Salta à vista que Messi é um jogador mais completo. O que não invalida os impressionantes recordes que Ronaldo conseguiu como goleador. 

Acontece que, no Qatar, um emergiu a grande altura e o outro se eclipsou. Exatamente pelas suas características: Messi é capaz de empurrar a equipa para a frente, enquanto Ronaldo precisa que a equipa jogue para ele. Se isso não acontecer, não existe.

Outro dos episódios deste mundial foi o confronto entre Ronaldo e Fernando Santos. O selecionador teve a coragem de sentar Ronaldo no banco (depois da triste cena protagonizada por este, ao ser substituído num jogo). Santos, muito bem, deixou claro que quem decidia sobre os que jogavam de início e os que se sentavam no banco era ele e não qualquer jogador. 

Mas Ronaldo levou a mal – e a sua família encarregou-se de dizer o que ele sentia.

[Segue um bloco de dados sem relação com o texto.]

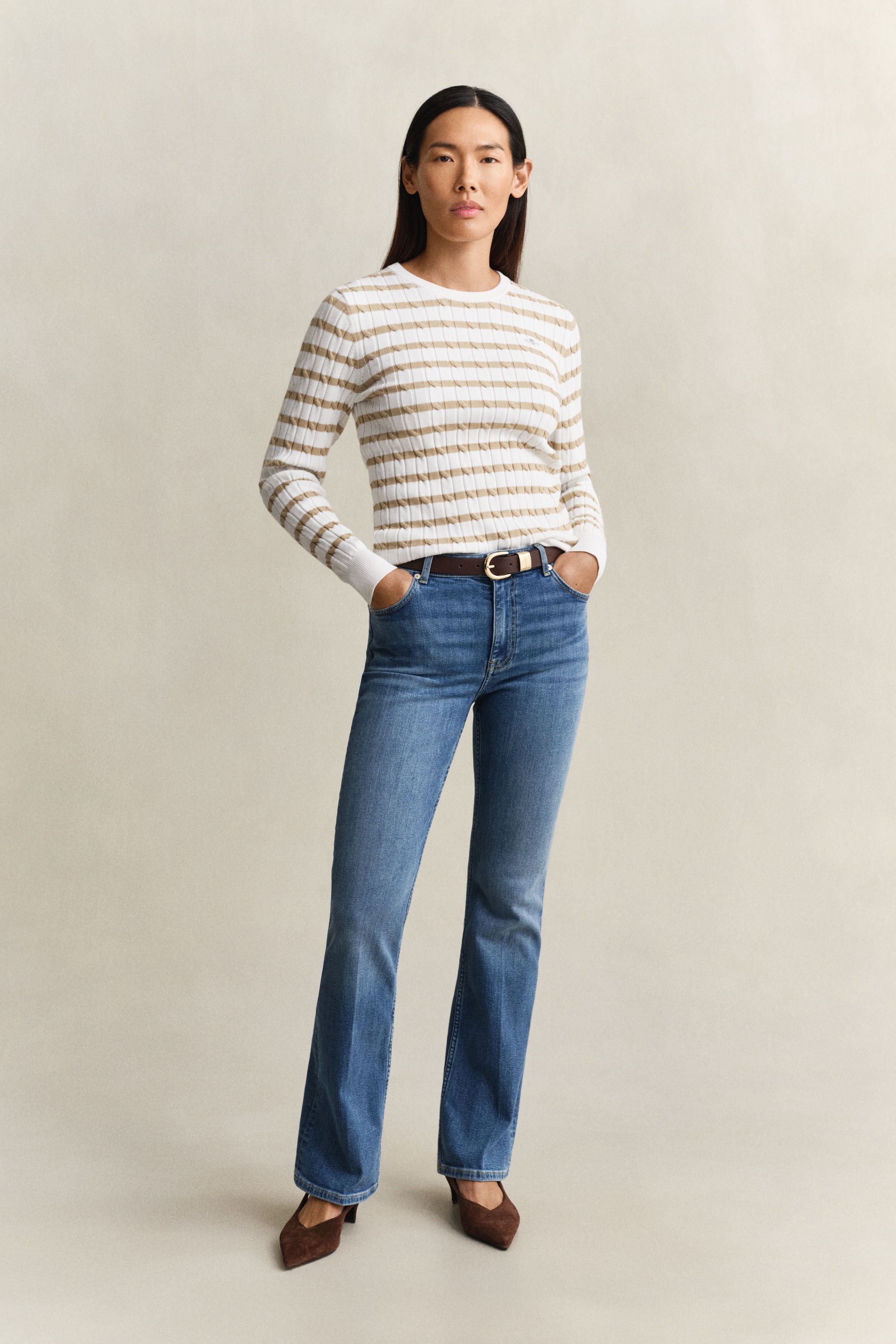 Gant Rundhalspullover »STRETCH COTTON CABLE STRIPE C-NECK«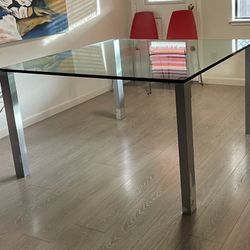 Nick Scali Glass Square Dining Table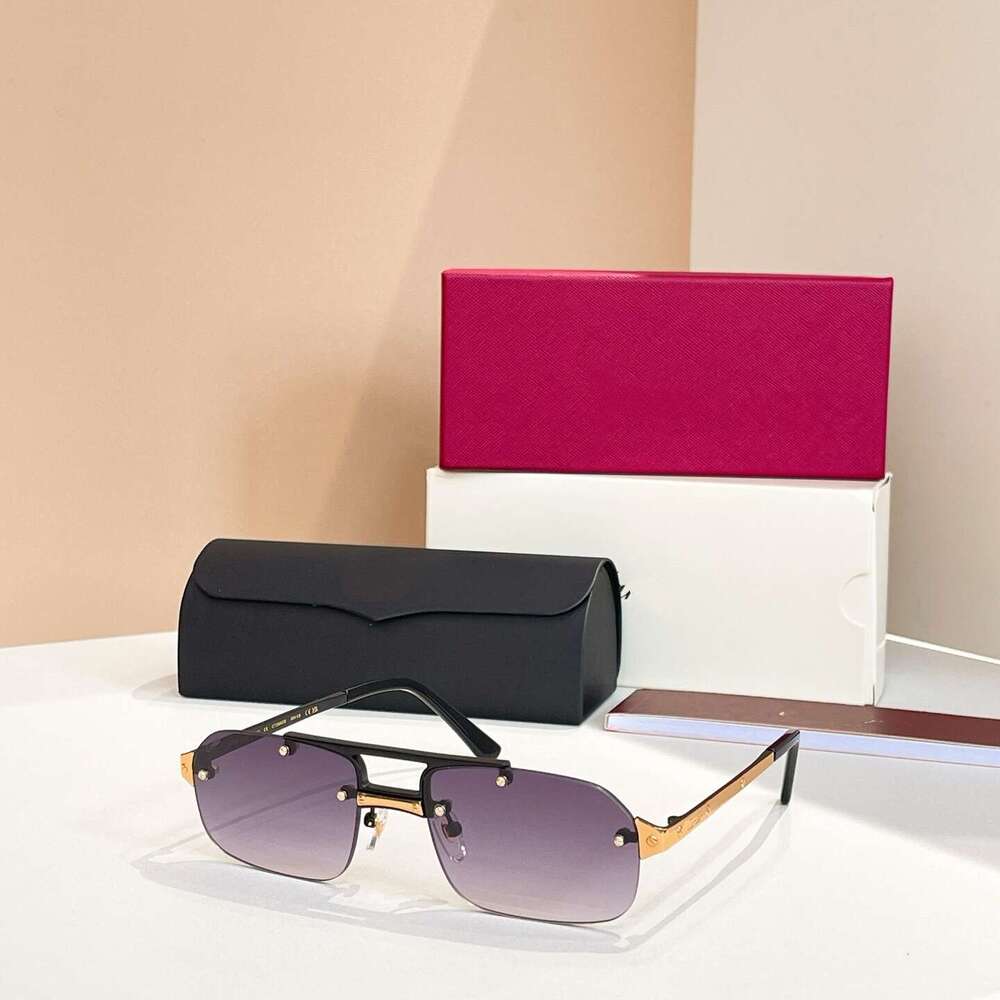 2025 Designer CT0660S Classic Versatile Oval Frameless Double Bridge Sunglasses UV Protection Sunshade Glasses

Arrasou Fernando Santos. O que foi extremamente injusto, tendo em conta o modo como o selecionador sempre o tratou, repetindo à exaustão que era o ‘melhor jogador do mundo’ mesmo quando já todos viam que não era. 

Diz-se que no Qatar começou um braço-de-ferro entre Ronaldo e Fernando Santos, que conduziu à saída deste da seleção. Não acredito. Não é possível que o presidente da Federação tenha cometido semelhante erro. Primeiro, porque Ronaldo não jogará muito mais tempo, não podendo ser visto como uma aposta de futuro; segundo, porque isso tornaria o próximo selecionador um boneco nas suas mãos. 

Se foi Ronaldo quem ‘demitiu’ Fernando Santos, o selecionador que aí vier estará refém dele: só o poderá substituir ou sentar no banco se e quando ele quiser. Ora, isto é impensável. 

Em conclusão, este foi um mundial de futebol que começou sob o signo da política mas acabou com um hino ao futebol. O último jogo foi épico. Uma batalha à moda antiga. Eletrizante, imprevisível até ao último segundo, disputada com elevação, lealdade e respeito pelos adversários, com sublimes momentos artísticos.

Para uma geração de grandes jogadores, foi o último mundial. Mas enquanto uns como Messi, Modric ou Di María – que teve a consagração que merecia – saíram do Qatar pela porta grande, Ronaldo saiu pela porta pequena. Foi pena.